When I recently learned about UBC’s new Master of Education in Indigenous Education I was delighted, as it brought back fond memories from 38 years ago (1984) when First Nations students were provided their first opportunity to pursue a Master of Education with First Nations content.

As it happened, NITEP graduate, Sharon Mack, who was teaching at the time, told me there was a need for advanced education so First Nations educators could take advantage of opportunities to become school principals.

The then Department of Educational Administration was approached and the director was in favour modifying a current program. This saw a couple of existing courses modified to be culturally responsive and taken with the remainder of the regular program, along with a new foundation course. Back then, the only programs that had a cultural component were the Native Law Program and the Native Indian Teacher Education Program (NITEP).

One of the modified courses was Administering a Band School, which was based on the existing Administering a Public School course. Curriculum preparation saw myself and two professors traveling to various Band schools to identify materials for the new course.

The other modified course was an Independent Study, which was designed as a field placement. This saw teachers who were teaching in a Band school being assigned to an urban school and vice versa, those who were in public schools were assigned to a Band school.

The program also included a special research methods seminar as a foundation course, which I taught. It covered the history of Indigenous education, the prevailing philosophies and cultural antecedents of Indigenous education in Canada.

The modified program started modestly enough with three students: Ethel Gardner and Frances Johnson from B.C. and Shirley Myran from Manitoba.
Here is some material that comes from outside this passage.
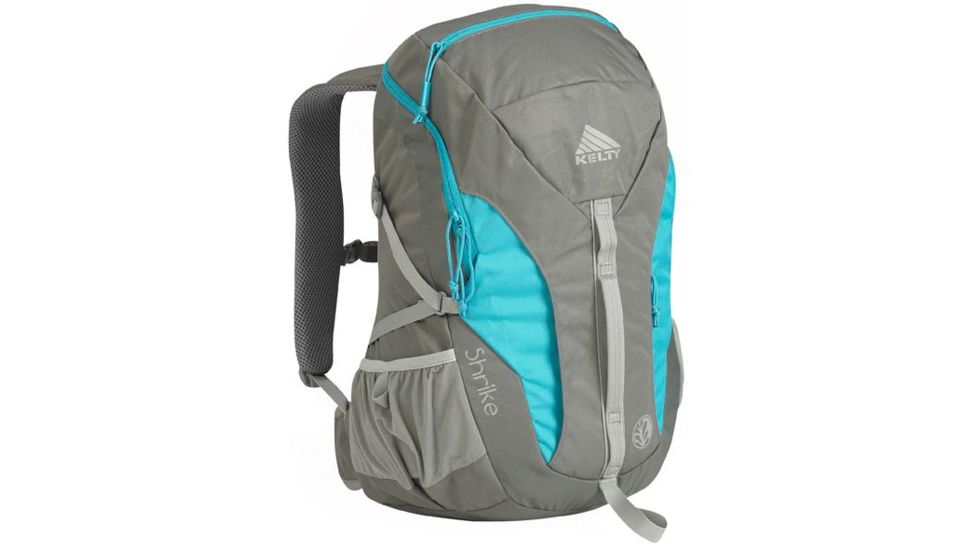 Kelty Shrike Women's Pack-Waterfall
Happily, they all graduated with their Master of Education in Educational Administration, having passed with straight A’s.

The years that followed saw an ever-increasing number of First Nations students enrolled in the program, such that by the time the First Nations Longhouse was built in 1993, there were a total of 25 graduates, three of whom were doctoral students who had taken our modified courses.
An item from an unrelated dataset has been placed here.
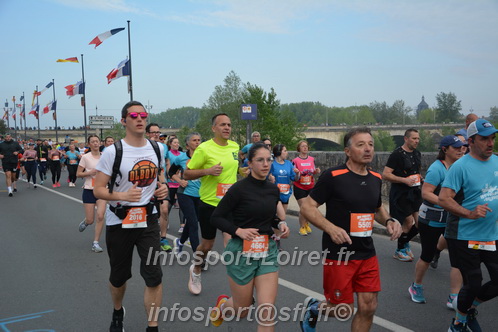 Foulees_Orleans2025/ORLEANS2025_01565.JPG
The program was named Ts”kel by the first group of students, which is a Stó:lō or Hal’qemeylem name meaning Golden Eagle.

The program has been offered for many years now and for First Nations communities it represents a breakthrough in graduate studies in the field of Indigenous-centred educational training.

I am very proud of those graduates who indeed became principals and administrators, many of whom went onto PhDs. Moreover, the Faculty’s director of educational administration at the time, Dr. Lorne Downey, was so impressed with the program that he wrote a book about it, The Ts”kel Story, which can be found in Xwi7xwa Library.

Verna Kirkness is the founding director of the First Nations House of Learning at UBC, serving from 1987 to 1993. During this time, she led a successful fundraising campaign to build the First Nations Longhouse, an important gathering place for Indigenous students. The Longhouse opened in 1993.

The post Verna Kirkness: Recalling the birth of the Ts”kel Program appeared first on Indigenous Portal.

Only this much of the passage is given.